→ **WHAT IS REQUIRED**
For every line in the data below that contains "benefits", copy the line.

→ **RECORDS SUPPLIED**
══════════════════════════════

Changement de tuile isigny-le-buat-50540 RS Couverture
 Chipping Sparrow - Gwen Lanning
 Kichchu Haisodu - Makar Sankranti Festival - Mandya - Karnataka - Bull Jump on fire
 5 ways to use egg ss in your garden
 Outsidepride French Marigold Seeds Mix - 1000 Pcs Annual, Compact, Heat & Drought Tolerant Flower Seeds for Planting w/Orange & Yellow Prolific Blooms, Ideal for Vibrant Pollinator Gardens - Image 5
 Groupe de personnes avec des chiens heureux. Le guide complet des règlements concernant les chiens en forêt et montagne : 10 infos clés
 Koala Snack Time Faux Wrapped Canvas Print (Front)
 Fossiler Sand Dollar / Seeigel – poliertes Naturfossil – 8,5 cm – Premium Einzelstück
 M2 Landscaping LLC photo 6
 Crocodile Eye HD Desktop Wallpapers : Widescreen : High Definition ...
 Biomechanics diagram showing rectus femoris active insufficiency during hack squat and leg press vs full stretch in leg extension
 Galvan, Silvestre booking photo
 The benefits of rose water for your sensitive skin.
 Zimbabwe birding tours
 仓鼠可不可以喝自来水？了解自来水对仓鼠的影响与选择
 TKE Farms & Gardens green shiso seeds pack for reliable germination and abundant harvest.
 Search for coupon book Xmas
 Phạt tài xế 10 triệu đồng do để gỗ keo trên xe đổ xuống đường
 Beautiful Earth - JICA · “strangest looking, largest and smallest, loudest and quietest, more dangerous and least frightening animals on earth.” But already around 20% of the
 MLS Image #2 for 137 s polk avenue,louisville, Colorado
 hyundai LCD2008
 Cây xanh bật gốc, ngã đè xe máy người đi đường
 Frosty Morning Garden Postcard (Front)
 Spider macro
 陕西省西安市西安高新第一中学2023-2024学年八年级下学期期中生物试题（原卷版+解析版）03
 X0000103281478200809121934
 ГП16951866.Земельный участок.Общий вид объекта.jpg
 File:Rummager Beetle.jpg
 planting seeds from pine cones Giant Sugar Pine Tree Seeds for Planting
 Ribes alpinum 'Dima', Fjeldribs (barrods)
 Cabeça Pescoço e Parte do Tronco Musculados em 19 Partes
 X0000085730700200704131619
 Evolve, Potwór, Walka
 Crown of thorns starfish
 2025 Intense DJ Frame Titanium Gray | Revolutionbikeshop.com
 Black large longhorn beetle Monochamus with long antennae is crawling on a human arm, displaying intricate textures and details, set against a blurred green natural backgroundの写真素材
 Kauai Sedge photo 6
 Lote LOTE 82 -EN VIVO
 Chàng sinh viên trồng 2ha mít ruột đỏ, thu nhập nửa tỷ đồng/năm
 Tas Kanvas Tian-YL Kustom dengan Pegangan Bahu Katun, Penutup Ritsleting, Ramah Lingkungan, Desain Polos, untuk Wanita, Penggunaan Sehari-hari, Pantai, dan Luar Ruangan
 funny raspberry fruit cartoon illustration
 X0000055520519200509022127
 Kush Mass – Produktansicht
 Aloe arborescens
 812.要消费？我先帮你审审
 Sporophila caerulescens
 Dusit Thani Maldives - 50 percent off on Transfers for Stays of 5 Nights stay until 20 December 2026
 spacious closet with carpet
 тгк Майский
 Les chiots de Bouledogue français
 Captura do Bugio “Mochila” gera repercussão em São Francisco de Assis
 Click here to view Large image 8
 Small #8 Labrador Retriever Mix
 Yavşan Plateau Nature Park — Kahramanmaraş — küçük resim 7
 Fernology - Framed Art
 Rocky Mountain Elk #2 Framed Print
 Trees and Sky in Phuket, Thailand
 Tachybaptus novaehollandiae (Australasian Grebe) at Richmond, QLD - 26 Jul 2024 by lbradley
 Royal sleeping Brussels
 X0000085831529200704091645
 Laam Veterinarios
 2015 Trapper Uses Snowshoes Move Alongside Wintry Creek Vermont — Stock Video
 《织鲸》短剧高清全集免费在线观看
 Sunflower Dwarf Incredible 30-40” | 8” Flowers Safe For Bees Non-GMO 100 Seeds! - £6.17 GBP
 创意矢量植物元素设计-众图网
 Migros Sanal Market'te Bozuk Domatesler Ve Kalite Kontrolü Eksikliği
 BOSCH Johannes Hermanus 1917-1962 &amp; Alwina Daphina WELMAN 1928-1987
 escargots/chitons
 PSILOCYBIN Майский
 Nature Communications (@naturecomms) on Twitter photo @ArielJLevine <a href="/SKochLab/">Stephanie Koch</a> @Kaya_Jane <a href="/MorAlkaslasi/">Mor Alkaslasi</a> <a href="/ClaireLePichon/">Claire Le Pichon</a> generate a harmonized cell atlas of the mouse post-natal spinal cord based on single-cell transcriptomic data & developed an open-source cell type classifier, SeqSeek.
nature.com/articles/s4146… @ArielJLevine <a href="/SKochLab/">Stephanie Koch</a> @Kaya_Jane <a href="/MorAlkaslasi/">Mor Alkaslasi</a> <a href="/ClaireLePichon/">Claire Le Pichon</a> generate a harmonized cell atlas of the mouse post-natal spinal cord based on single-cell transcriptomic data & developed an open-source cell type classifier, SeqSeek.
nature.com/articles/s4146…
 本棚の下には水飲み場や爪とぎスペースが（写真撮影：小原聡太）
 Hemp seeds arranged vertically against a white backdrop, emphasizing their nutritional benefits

══════════════════════════════

→ **ANSWER BOX**
 The benefits of rose water for your sensitive skin.
 Hemp seeds arranged vertically against a white backdrop, emphasizing their nutritional benefits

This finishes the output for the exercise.